Above all, our safety net is based on the dying belief that job-based health and retirement benefits can easily fill the gaps left by public programs, when it is ever more clear that they cannot. We spend hundreds of billions of dollars subsidizing workplace benefits through the tax code so that employers can serve as mini-welfare states. But, of course, employers are less and less willing to take on these obligations, and less and less willing to provide broad protections on equal terms to their workers when they do. At one time we had guaranteed private pensions that looked much like Social Security; now we have 401(k) plans that place nearly all of the risk of retirement planning on workers. In effect, we have shifted from the traditional "three-legged stool" of Social Security, guaranteed private pensions, and private savings to a wobbly two-legged stool of Social Security and private savings (inside and outside of 401(k)s). Once again, economic common sense and social justice both argue for moving away from our present mess toward the broader and more direct pooling of risk.

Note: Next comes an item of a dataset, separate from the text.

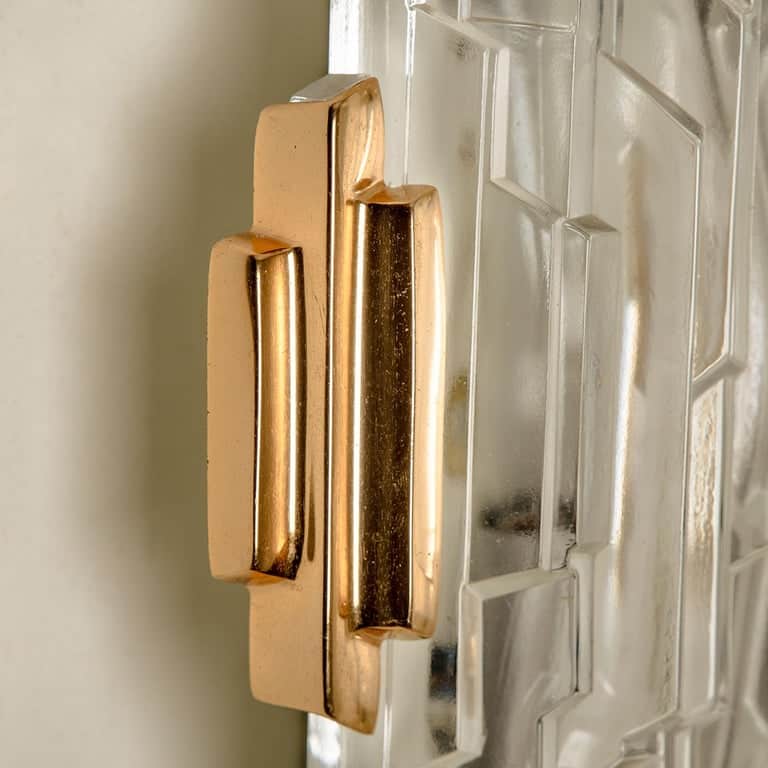 Pair of of Icicle Glass Wall Sconces /Lights, 1960s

George W. Bush's ownership society was based on the belief that "financial innovation" would spread the rewards of economic growth to all Americans through better and broader access to financial assets. Yet the exact opposite has been true. As government and corporations have pulled back, the personal safety net has been fraying, too. There is no need to restate the familiar statistics: bankruptcy and home-mortgage foreclosures are up, savings are down, debt is up, and middle-class incomes have grown slowly in an era in which most of the rewards of economic growth have gone to the richest of Americans.
"Risk" may be the word on people's lips today, but most understand it far too narrowly. Risk does not simply concern the breakdown of our nation's financial institutions; it concerns the breakdown of our nation's social contract. If we are to fix that contract--and our economy--we will have to do more than socialize risk for those at the top of the economic ladder. We will need to reclaim the twin ideals of security and opportunity for all Americans.